===== Data shown
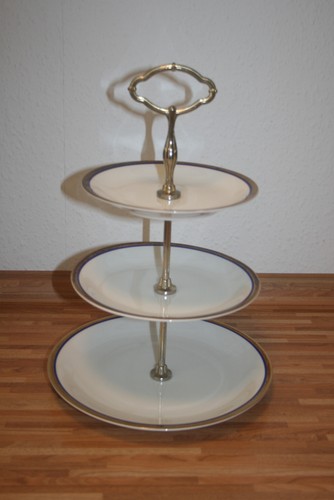 Stöckige gebäck etagere - gebäck,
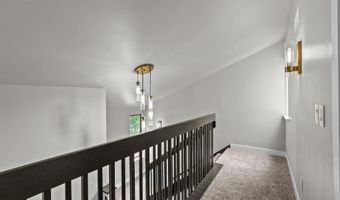 929 E NORTHWOOD Dr, Appleton, WI 54911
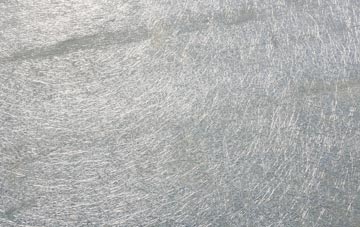 Tolastadh A Chaolais laminate fibreglass or shingles?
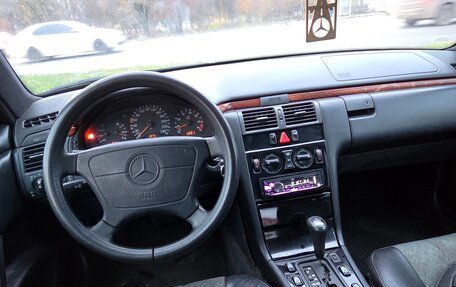 Mercedes-Benz E-Класс, 1998 год, 350 000 рублей, 33 фотография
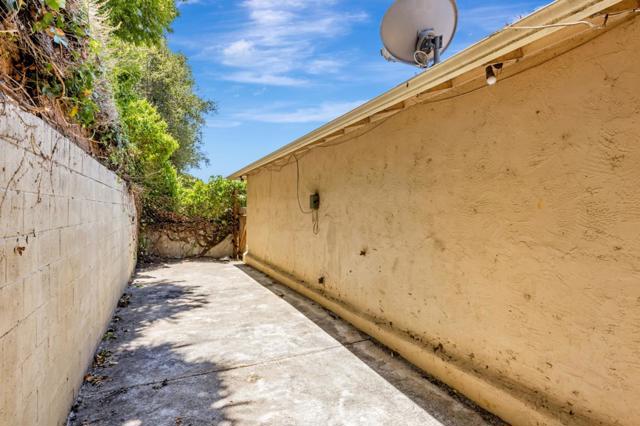 16668 Winding Boulevard, San Leandro CA: https://media.crmls.org/mediaz/39905699-9fd5-439d-bb27-ea3bdb138337.jpg
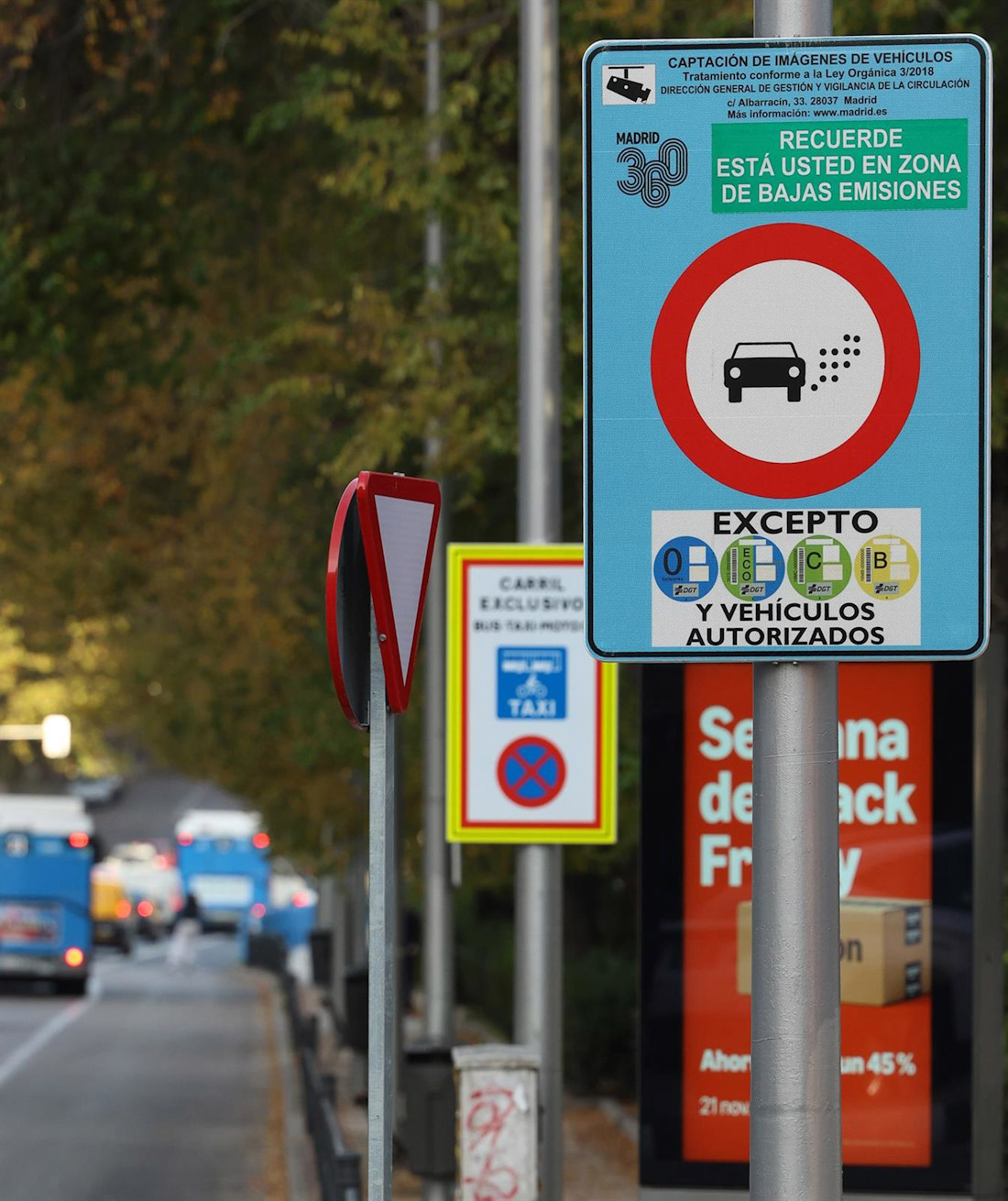 Un cartel marca la el Inicio de una Zona de Bajas Emisiones (ZBE) en una imagen de archivo (MARTA FERNÁNDEZ JARA - EUROPA PRESS)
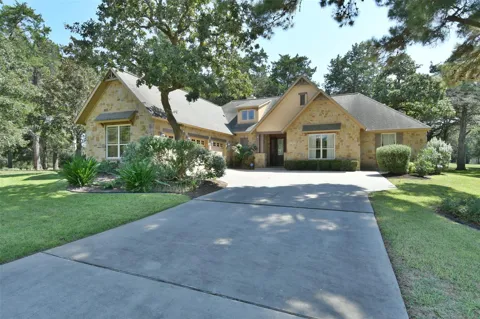 901 Falls Drive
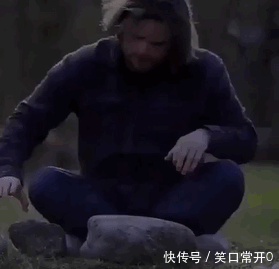 搞笑幽默的动态图gif 直播的时候妈妈进来了 扎心啊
==========
* _Problem to solve_
Your answer should be an exact copy of the entries above, with no images included.

* _Answer section_
 Stöckige gebäck etagere - gebäck,
 929 E NORTHWOOD Dr, Appleton, WI 54911
 Tolastadh A Chaolais laminate fibreglass or shingles?
 Mercedes-Benz E-Класс, 1998 год, 350 000 рублей, 33 фотография
 16668 Winding Boulevard, San Leandro CA: https://media.crmls.org/mediaz/39905699-9fd5-439d-bb27-ea3bdb138337.jpg
 Un cartel marca la el Inicio de una Zona de Bajas Emisiones (ZBE) en una imagen de archivo (MARTA FERNÁNDEZ JARA - EUROPA PRESS)
 901 Falls Drive
 搞笑幽默的动态图gif 直播的时候妈妈进来了 扎心啊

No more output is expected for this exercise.